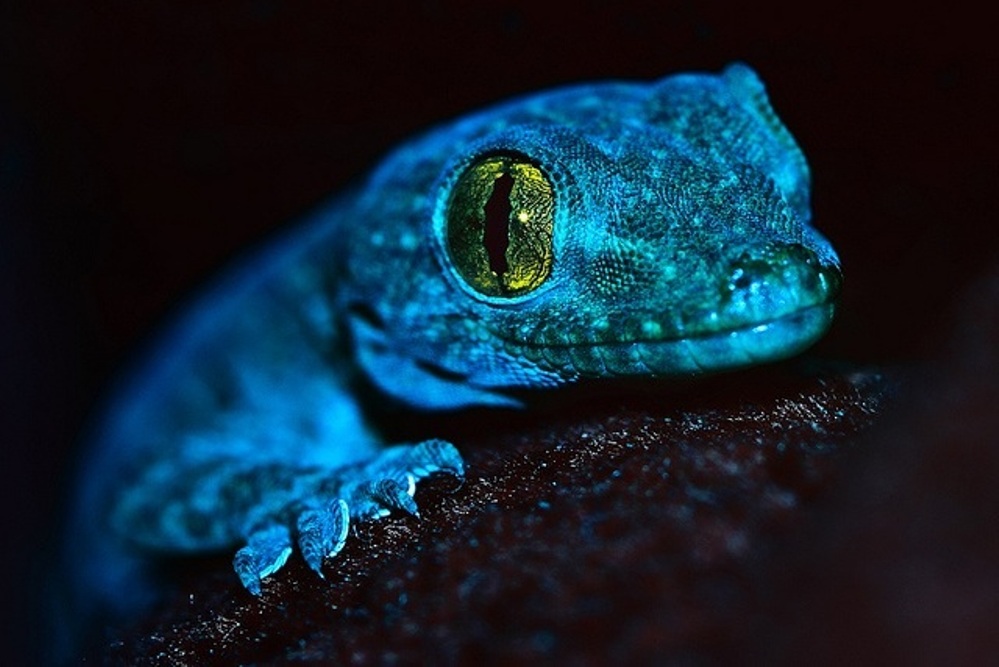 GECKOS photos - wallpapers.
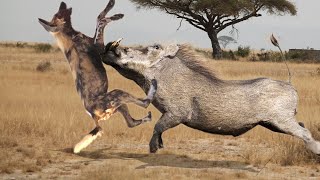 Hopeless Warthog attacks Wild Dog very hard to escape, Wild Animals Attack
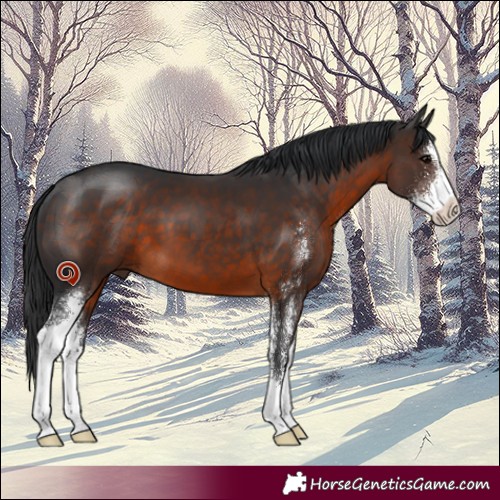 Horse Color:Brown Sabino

* * *

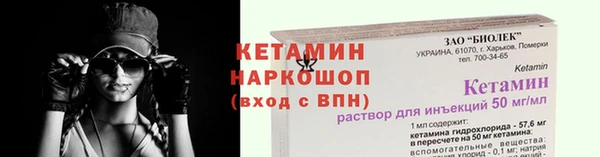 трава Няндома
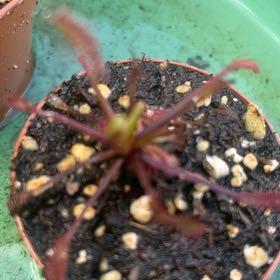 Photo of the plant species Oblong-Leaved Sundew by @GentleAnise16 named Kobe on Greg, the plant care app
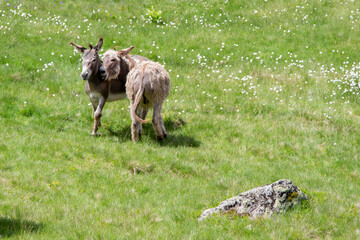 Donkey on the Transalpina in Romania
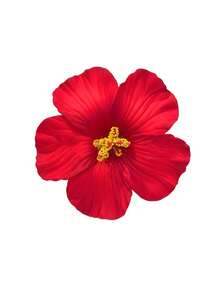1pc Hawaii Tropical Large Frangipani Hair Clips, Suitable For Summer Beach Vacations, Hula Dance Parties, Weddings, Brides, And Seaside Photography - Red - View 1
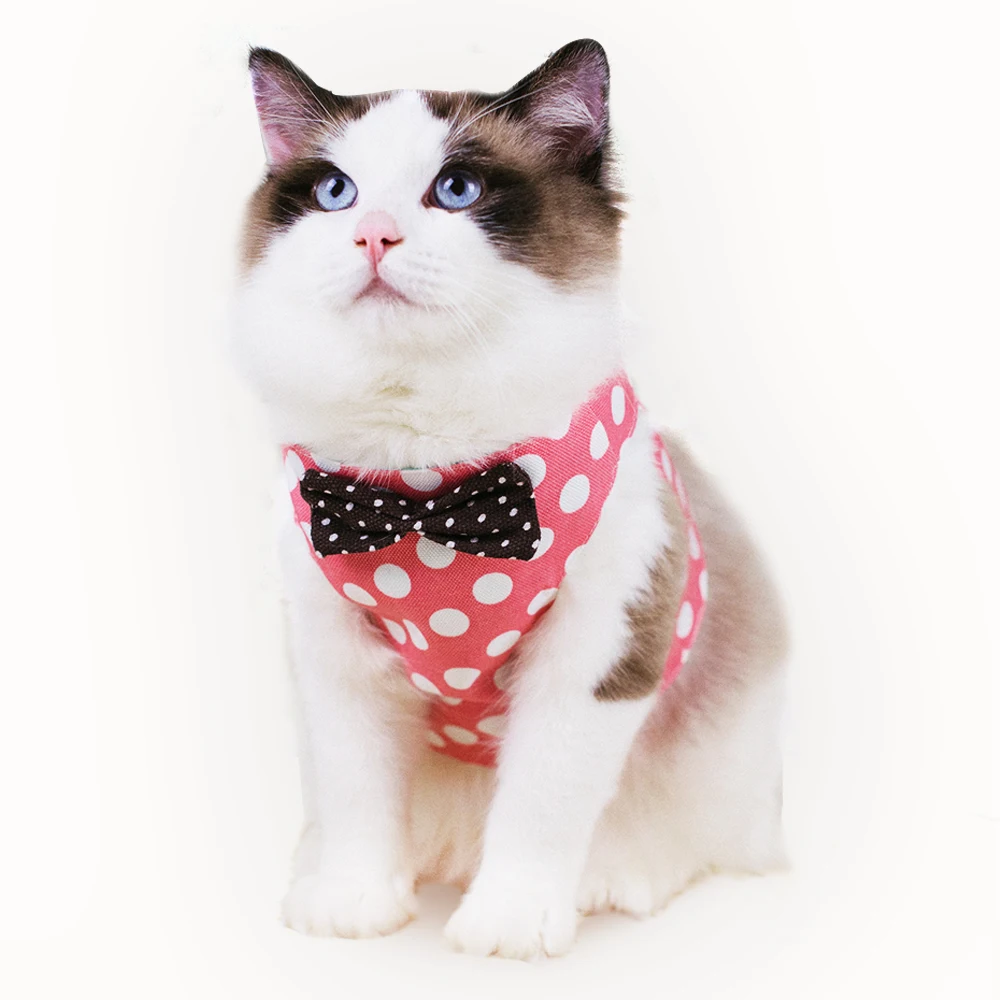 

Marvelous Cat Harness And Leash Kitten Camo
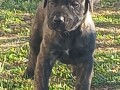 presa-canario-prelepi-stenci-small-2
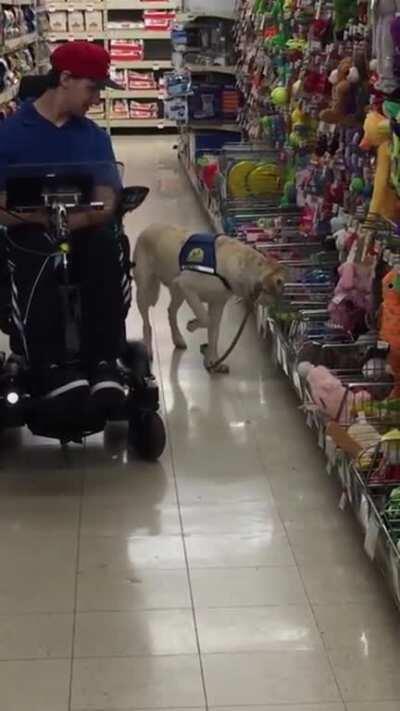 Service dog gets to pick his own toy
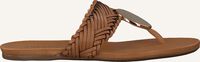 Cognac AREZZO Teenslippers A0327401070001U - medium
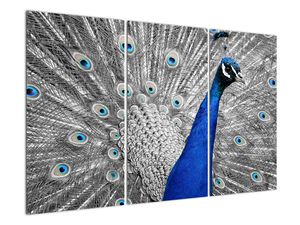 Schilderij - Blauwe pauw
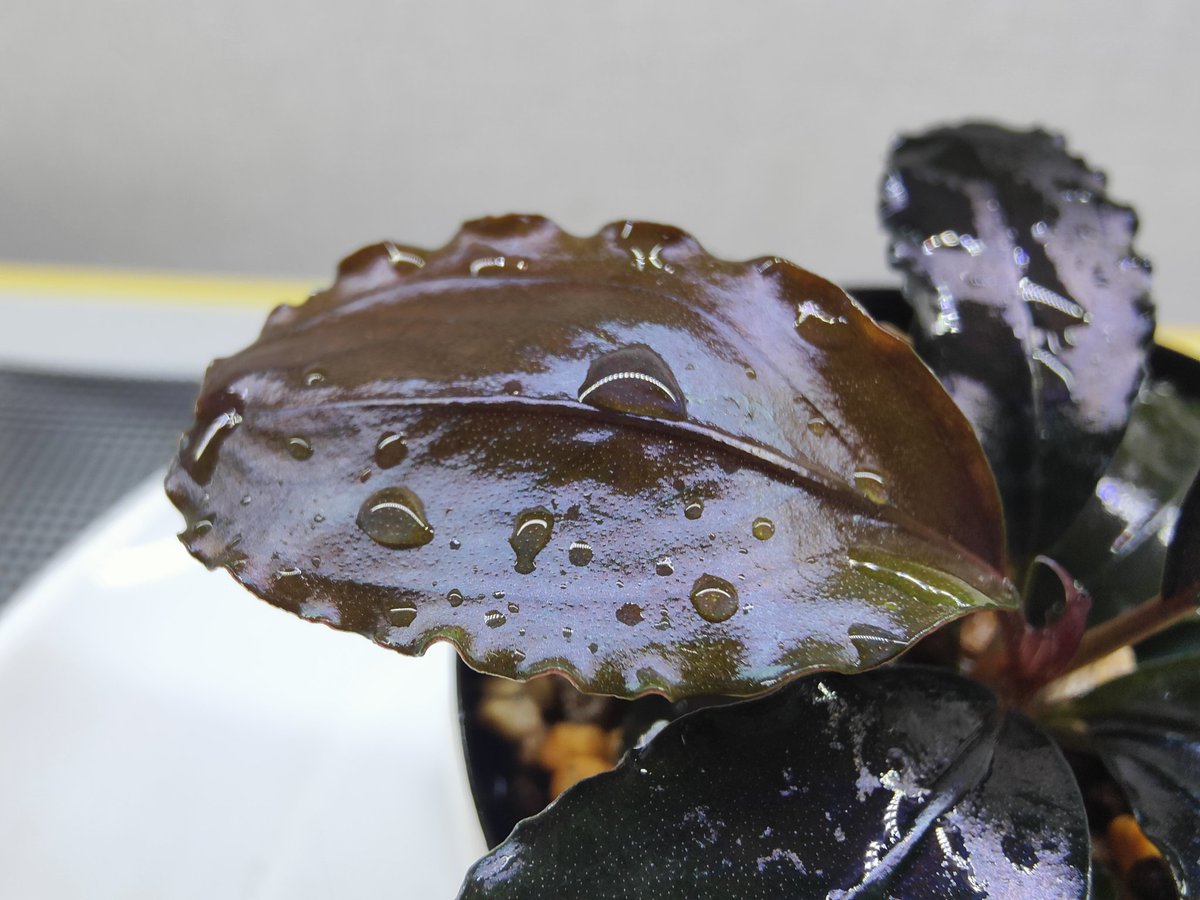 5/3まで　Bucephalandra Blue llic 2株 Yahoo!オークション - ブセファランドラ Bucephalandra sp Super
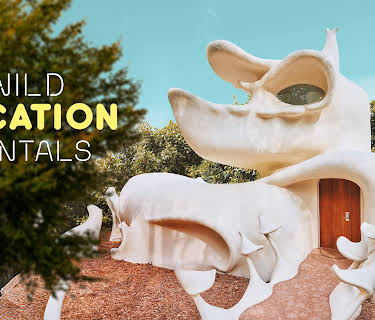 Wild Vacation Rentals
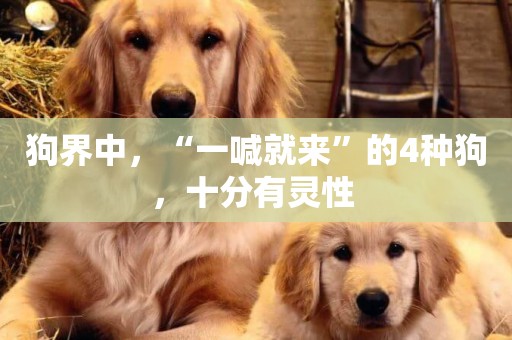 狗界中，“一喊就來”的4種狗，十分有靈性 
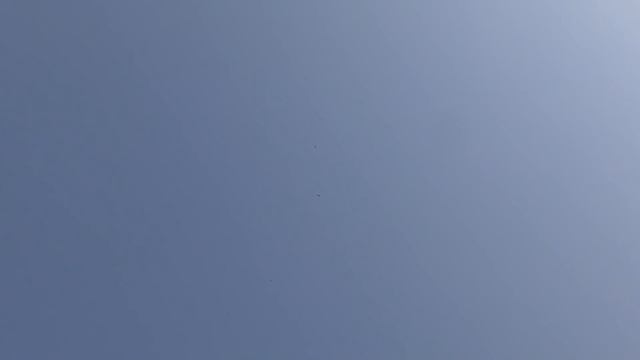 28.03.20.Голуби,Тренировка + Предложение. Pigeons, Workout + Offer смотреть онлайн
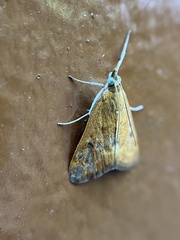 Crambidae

[What to work on] Nothing but the lines from the one with "GECKOS photos - wallpapers." up to and including the one with "Horse Color:Brown Sabino" should be printed, exactly as they read above. Please keep the pictures out.

[Completed exercise]
 GECKOS photos - wallpapers.
 Hopeless Warthog attacks Wild Dog very hard to escape, Wild Animals Attack
 Horse Color:Brown Sabino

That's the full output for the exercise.